Wade Guyton with Youth Insights teens and Youth Insights artist-in-residence Cameron Crawford at Guyton’s studio in Lower Manhattan. Photograph by Jason Campbell

Wade Guyton with Youth Insights teens and Youth Insights artist-in-residence Cameron Crawford at Guyton’s studio in Lower Manhattan. Photograph by Jason Campbell

Youth  Insights (YI) participants were invited to visit the artist Wade Guyton’s studio on Monday, December 3. Guyton’s work is currently on view in an exhibition of his work entitled Wade Guyton: OS. The show mostly consists of large works the artist refers to as paintings, even though the images have been printed from a computer onto canvas or linen.
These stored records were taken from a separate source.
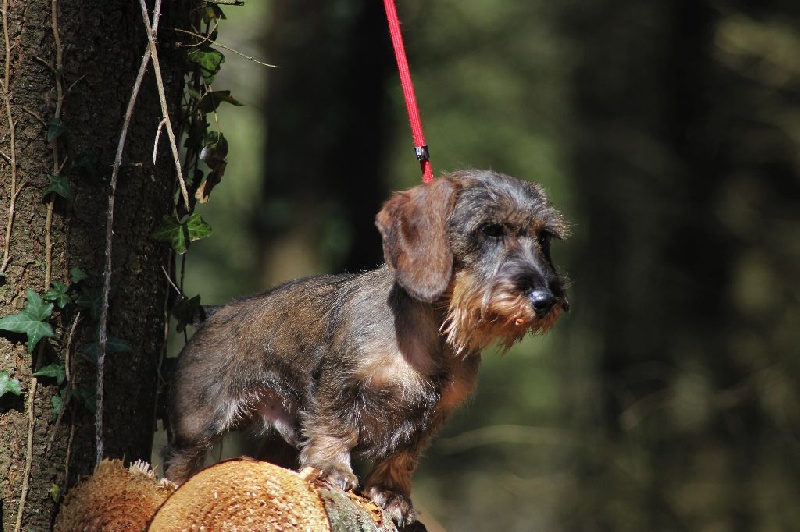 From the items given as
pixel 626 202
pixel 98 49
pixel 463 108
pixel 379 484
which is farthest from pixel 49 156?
pixel 463 108

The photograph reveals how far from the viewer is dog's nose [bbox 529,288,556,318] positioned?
4.38 meters

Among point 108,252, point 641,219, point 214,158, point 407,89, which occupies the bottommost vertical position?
point 641,219

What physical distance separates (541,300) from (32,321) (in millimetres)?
2123

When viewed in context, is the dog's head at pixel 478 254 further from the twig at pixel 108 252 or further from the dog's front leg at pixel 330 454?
the twig at pixel 108 252

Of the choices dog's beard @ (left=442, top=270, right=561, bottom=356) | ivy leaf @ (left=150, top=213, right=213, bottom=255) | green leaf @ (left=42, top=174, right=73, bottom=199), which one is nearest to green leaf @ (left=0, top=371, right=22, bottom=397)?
green leaf @ (left=42, top=174, right=73, bottom=199)

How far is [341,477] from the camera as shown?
4.43m

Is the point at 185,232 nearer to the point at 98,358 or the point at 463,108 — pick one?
the point at 98,358

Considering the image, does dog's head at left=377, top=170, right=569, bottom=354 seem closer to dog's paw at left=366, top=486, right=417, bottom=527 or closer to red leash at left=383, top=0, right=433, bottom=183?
red leash at left=383, top=0, right=433, bottom=183

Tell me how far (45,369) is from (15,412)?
0.67 feet

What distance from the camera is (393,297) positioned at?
4.71 metres

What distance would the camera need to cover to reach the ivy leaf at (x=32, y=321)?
405cm

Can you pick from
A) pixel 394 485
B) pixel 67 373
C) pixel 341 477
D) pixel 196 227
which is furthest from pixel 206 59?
pixel 394 485

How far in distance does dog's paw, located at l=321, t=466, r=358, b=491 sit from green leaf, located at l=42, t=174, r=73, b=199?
1.61 metres

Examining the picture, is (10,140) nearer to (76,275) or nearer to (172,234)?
(76,275) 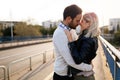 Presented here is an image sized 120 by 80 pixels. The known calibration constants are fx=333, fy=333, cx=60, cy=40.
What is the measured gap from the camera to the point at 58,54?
13.9ft

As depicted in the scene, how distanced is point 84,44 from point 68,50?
0.75 ft

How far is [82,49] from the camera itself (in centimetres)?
396

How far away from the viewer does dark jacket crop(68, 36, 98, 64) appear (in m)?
3.95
Many of the prints are purposely left with imperfections from the printing process, which can cause things like ink running down the work or parts of the image to break apart. These “mistakes” make the work more interesting and abstract.

When I walked into Guyton’s studio, two things caught my eye. The first thing was his work hanging on the wall, and I mean huge works hanging on multiple walls. The other thing I noticed was probably the biggest printer I’ve ever seen. We got to see the printer up close and Guyton explained the process of making his huge artworks. For his large-scale black canvases, he folds the linen in half, runs one side through the printer, then flips it and runs it through again. He also mentioned that one of the ways he gets the ink to run is by canceling the current print job halfway through.

In a quick Q&A, we learned that Guyton doesn’t want to control what viewers think about his work. In other words, he seemed open to people finding different meanings and significance in the pieces—that’s what stood out to me the most. I thought this was cool because it allows people to respond to his work in their own way.